Letzte Woche habe ich dazu aufgefordert: Geht aufeinander zu. Habt keine Angst vor dem, der anders ist. Fast hätte man den Eindruck bekommen können: Es ist völlig egal, was jemand tut oder nicht tut. Was seiner oder ihre Überzeugungen sind. Wofür sich andere einsetzen und wofür nicht. Hauptsache: „Ich bin ok, du bist ok, und wir haben uns alle lieb.“.
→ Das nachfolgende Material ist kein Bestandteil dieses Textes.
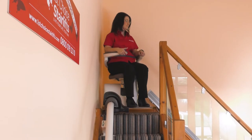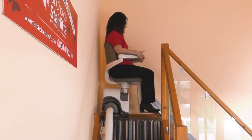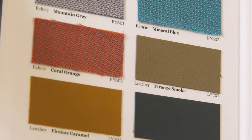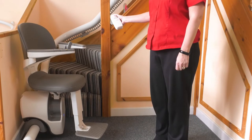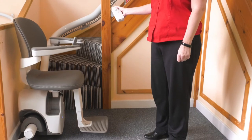The chair will turn to a safe position for you to get off. The stylish seat upholstery comes in a choice of wipe clean vinyl or optional leather for a more luxurious finish. The remote call and send controls can be used if there are two people in the house or to park the lift out of the way.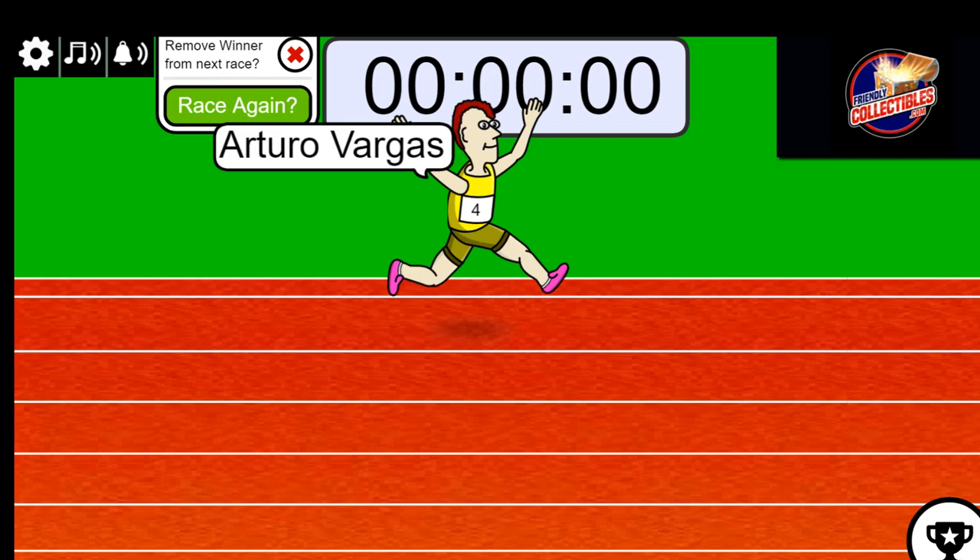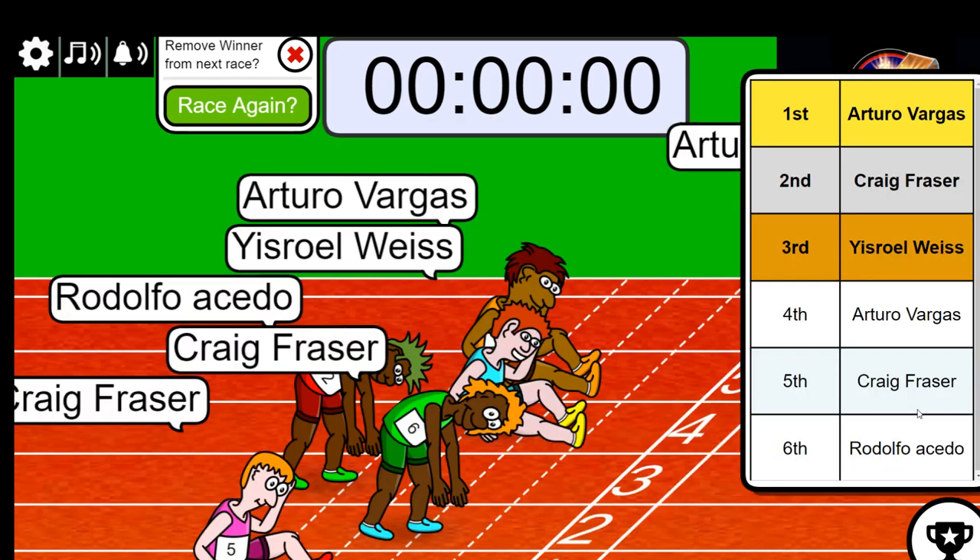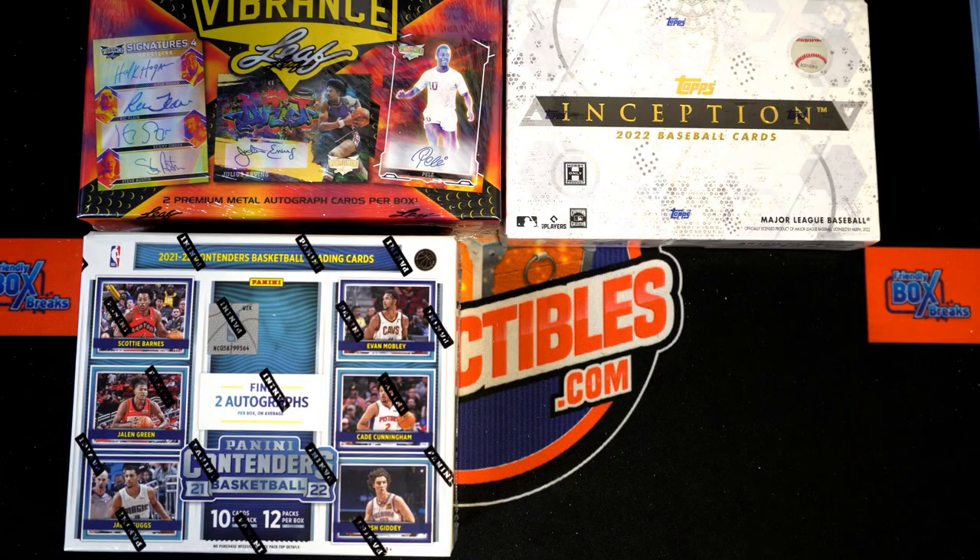Alright, AV and Craig — AV and Craig, you guys made it. Very good. That'll be coming up here shortly, thanks everybody for joining. That was our sprint Fill B for Leaf Vibrance.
Ja, ich weiß: Diese Einstellung gibt es tatsächlich, gerade auch unter Christen. Hat Jesus nicht die Friedfertigkeit vorgelebt? Ist er nicht wirklich auf alle zugegangen, ohne Ausnahme, und hat ihnen gesagt, dass Gott sie liebt? Müssen wir das nicht genau so tun?
Ja, es gibt sie: Die Wischiwaschichrischten. Die, denen alles eigentlich egal ist, Hauptsache, sie haben ein offenes Herz für jeden und keinen Streit. An der Supermarktkasse findet man sie ganz hinten in der Schlange, weil sie jeden vorlassen. Bei Podiumsdiskussionen finden sie die konträr vorgetragenen Positionen beide absolut toll und einleuchtend. Alle leihen sich gerne bei ihnen Geld, denn zurückzahlen muss man's ja erst am Jüngsten Tag. Mit ihnen zu diskutieren fällt schwer, weil sie einem ständig Recht geben und gar keine eigene Meinung haben. Hauptsache Frieden.
War Jesus wirklich so? Nein. Ganz bestimmt nicht. Ja: Er ist auf alle zugegangen. Ja: Er hat keine Bedingungen gestellt, wie jemand zu sein hat. Aber er hat auf keinen Fall alles gut geheißen, was seine Zeitgenossen getan, gesagt und geglaubt haben. Im Gegenteil: Er muss eine ganze Menge Streitgespräche geführt haben. Den Menschen, mit denen er redete, oft schonungslos wahrhaftig ihr eigenes Leben vor Augen geführt haben. Mit den Schriftgelehrten und Pharisäern hat er oft gestritten. Aber auch zum Beispiel dem Zöllner Zachäus gezeigt, dass sein Leben nicht dem Willen Gottes entsprach. Und im Jerusalemer Tempel hat ihn einmal wegen der Missstände dort so der Zorn gepackt, dass er die Händler eigenhändig hinausgejagt hat.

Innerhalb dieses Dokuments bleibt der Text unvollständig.